What is needed
If a record contains a picture, drop the picture and copy everything else exactly.
==== Provided entries
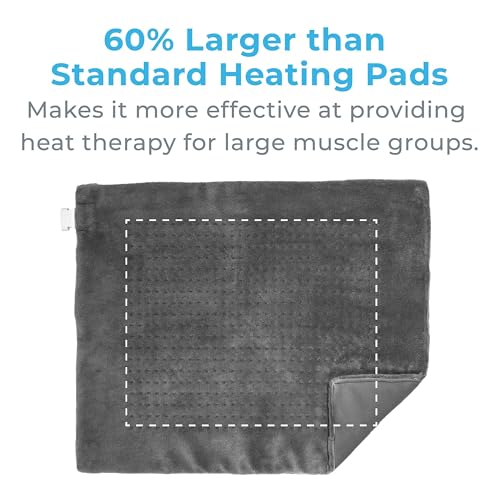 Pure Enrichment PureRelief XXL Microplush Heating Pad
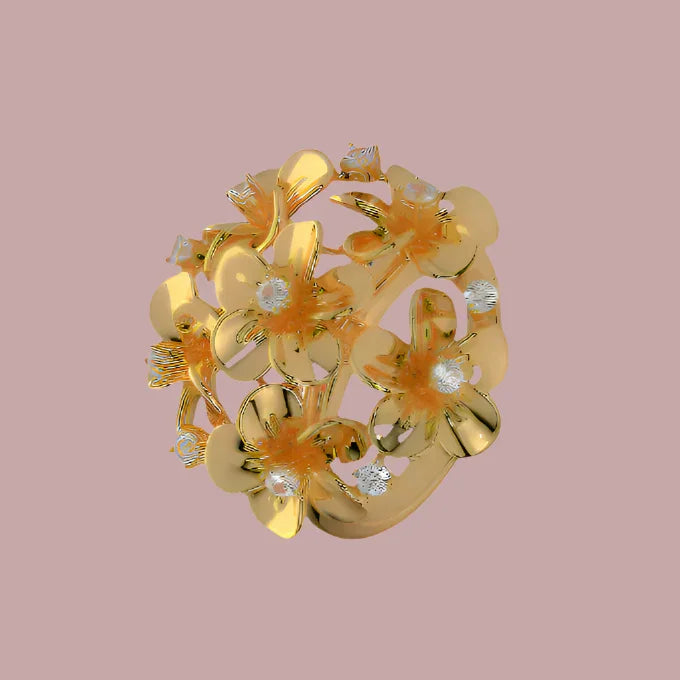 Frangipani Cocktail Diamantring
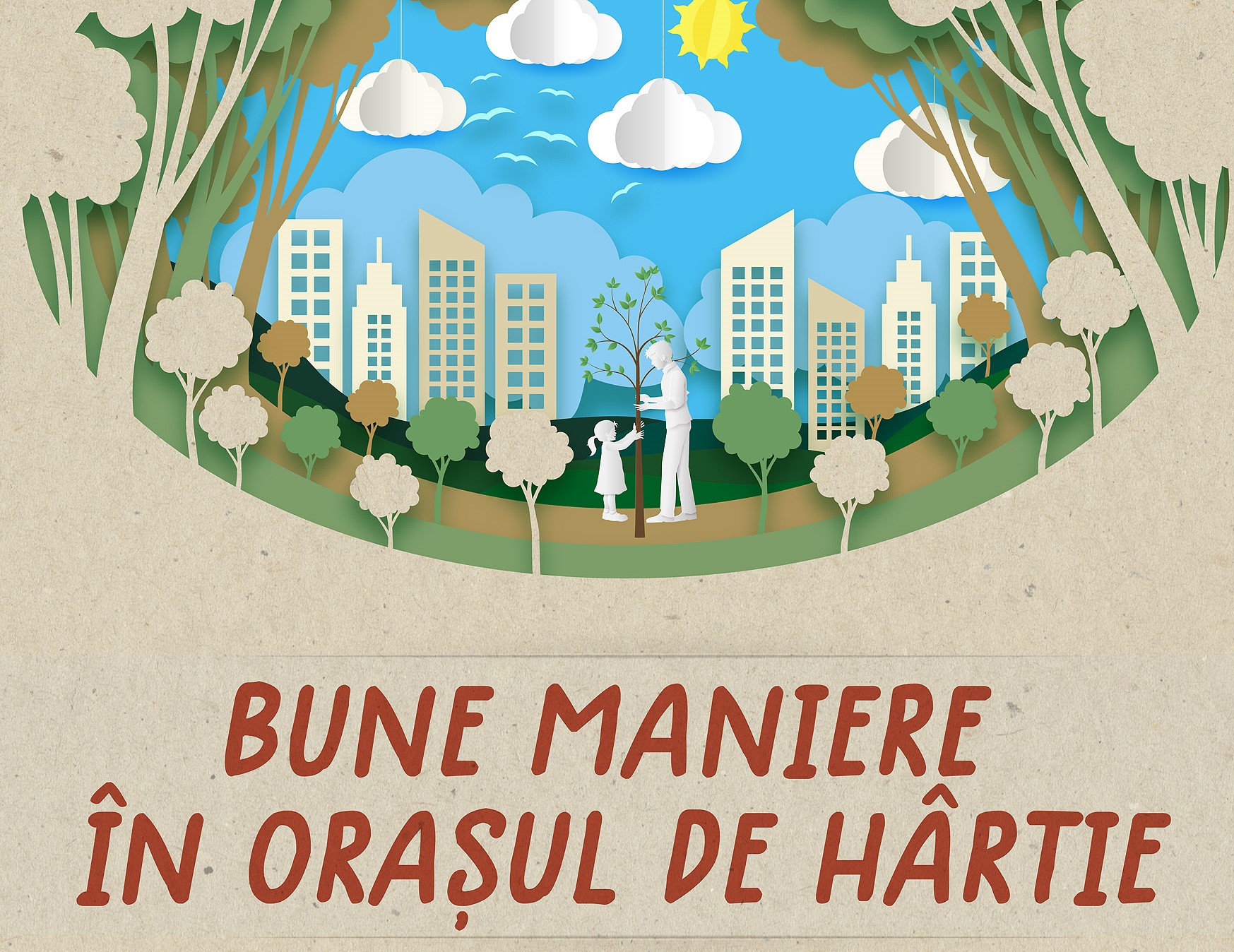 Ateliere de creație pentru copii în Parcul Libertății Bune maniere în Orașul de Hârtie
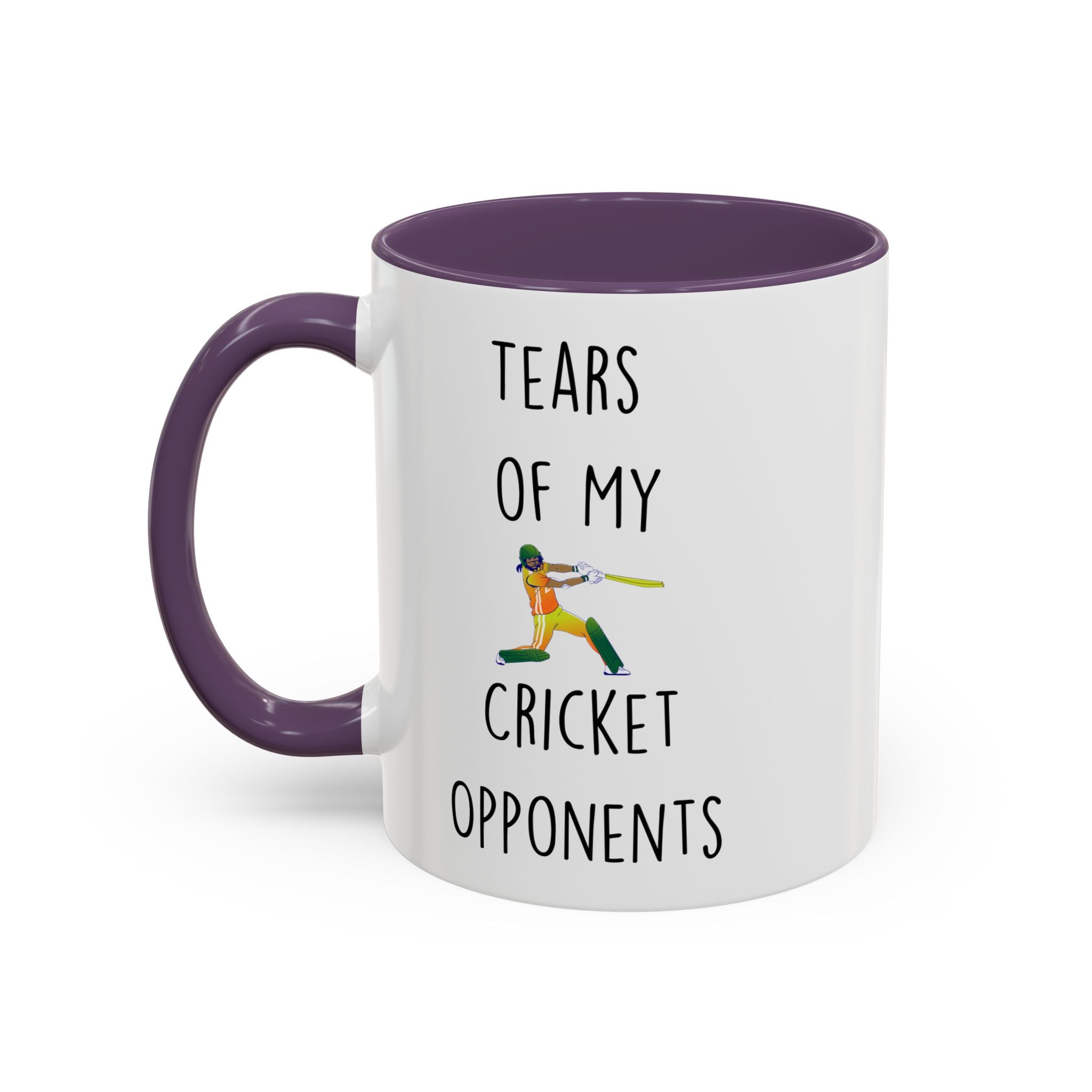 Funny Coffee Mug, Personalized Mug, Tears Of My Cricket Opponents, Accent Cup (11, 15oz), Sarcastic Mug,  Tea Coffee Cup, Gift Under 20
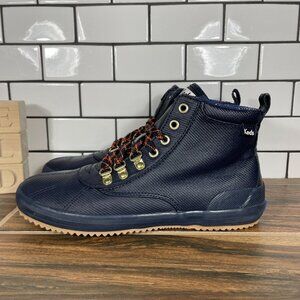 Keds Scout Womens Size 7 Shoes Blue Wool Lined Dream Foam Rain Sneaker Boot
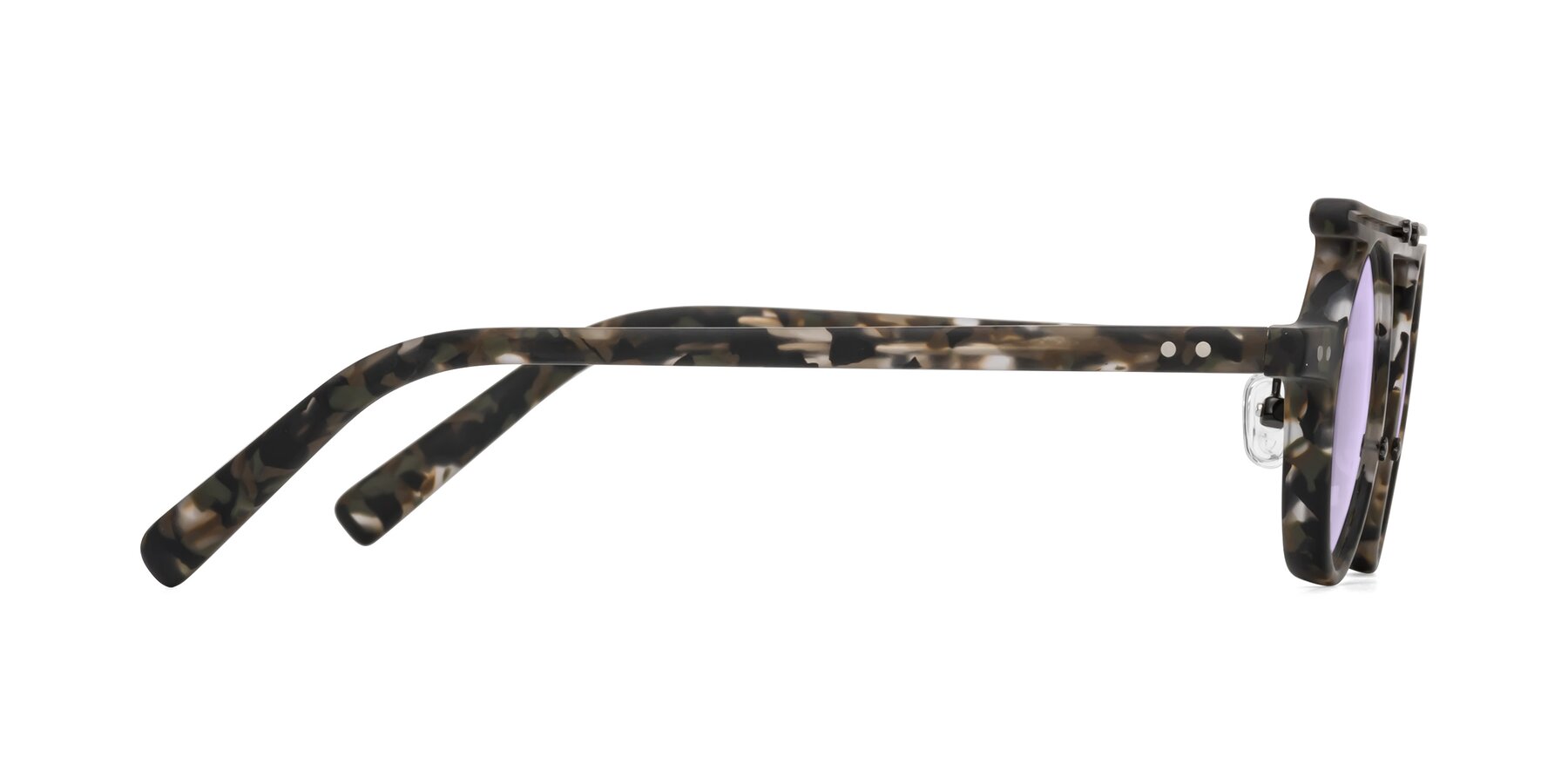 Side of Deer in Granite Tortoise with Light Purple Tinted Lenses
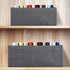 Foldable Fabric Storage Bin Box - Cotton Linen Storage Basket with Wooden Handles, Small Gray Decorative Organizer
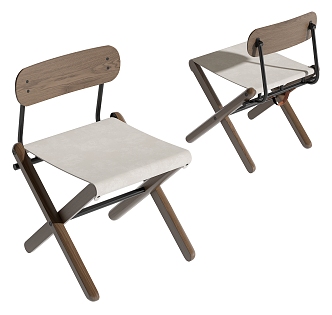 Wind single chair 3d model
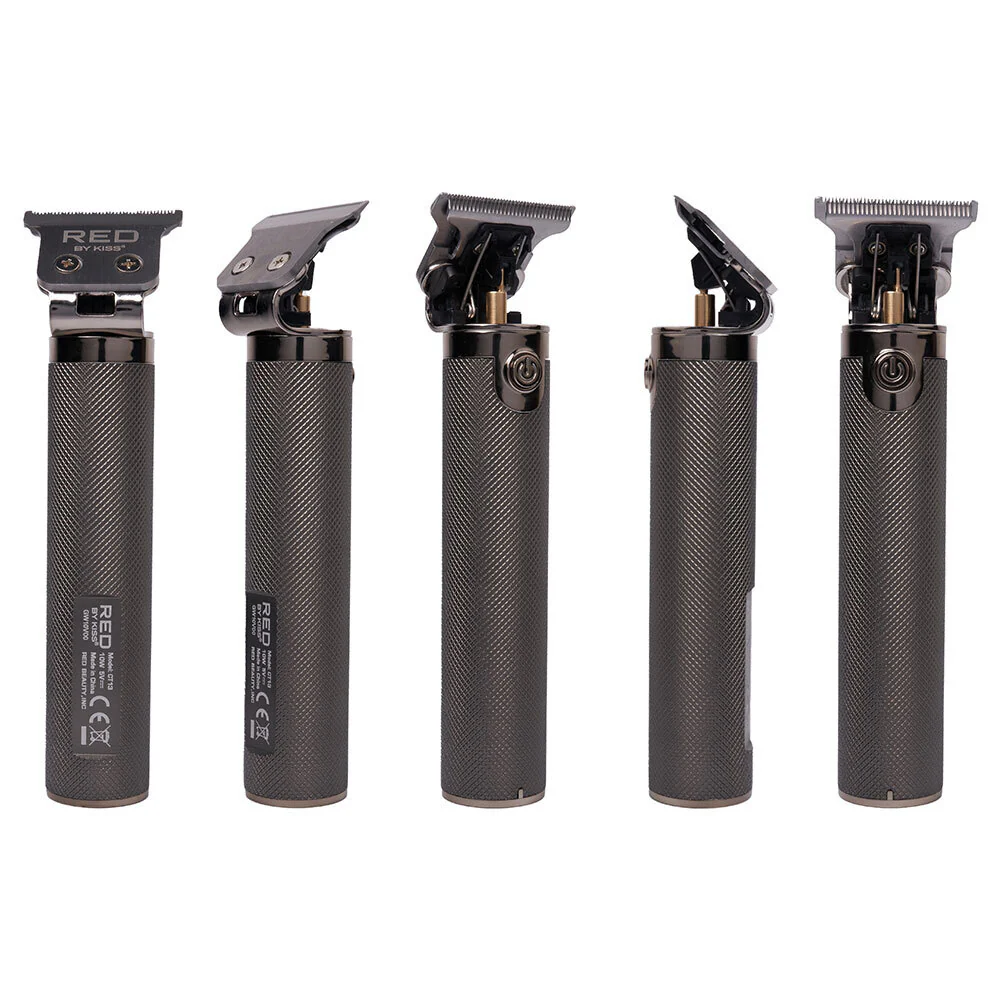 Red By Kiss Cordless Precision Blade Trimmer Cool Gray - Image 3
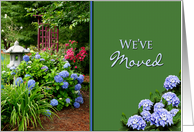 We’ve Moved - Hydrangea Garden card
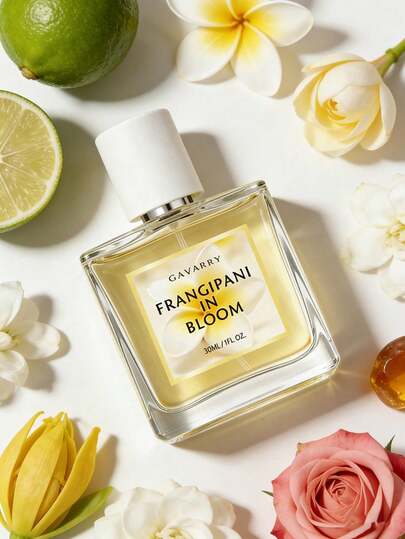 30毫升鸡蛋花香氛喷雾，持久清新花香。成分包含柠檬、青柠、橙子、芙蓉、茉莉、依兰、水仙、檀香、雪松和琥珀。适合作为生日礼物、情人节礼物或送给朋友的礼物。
========
Output for this exercise
 Pure Enrichment PureRelief XXL Microplush Heating Pad
 Frangipani Cocktail Diamantring
 Ateliere de creație pentru copii în Parcul Libertății Bune maniere în Orașul de Hârtie
 Funny Coffee Mug, Personalized Mug, Tears Of My Cricket Opponents, Accent Cup (11, 15oz), Sarcastic Mug,  Tea Coffee Cup, Gift Under 20
 Keds Scout Womens Size 7 Shoes Blue Wool Lined Dream Foam Rain Sneaker Boot
 Side of Deer in Granite Tortoise with Light Purple Tinted Lenses
 Foldable Fabric Storage Bin Box - Cotton Linen Storage Basket with Wooden Handles, Small Gray Decorative Organizer
 Wind single chair 3d model
 Red By Kiss Cordless Precision Blade Trimmer Cool Gray - Image 3
 We’ve Moved - Hydrangea Garden card
 30毫升鸡蛋花香氛喷雾，持久清新花香。成分包含柠檬、青柠、橙子、芙蓉、茉莉、依兰、水仙、檀香、雪松和琥珀。适合作为生日礼物、情人节礼物或送给朋友的礼物。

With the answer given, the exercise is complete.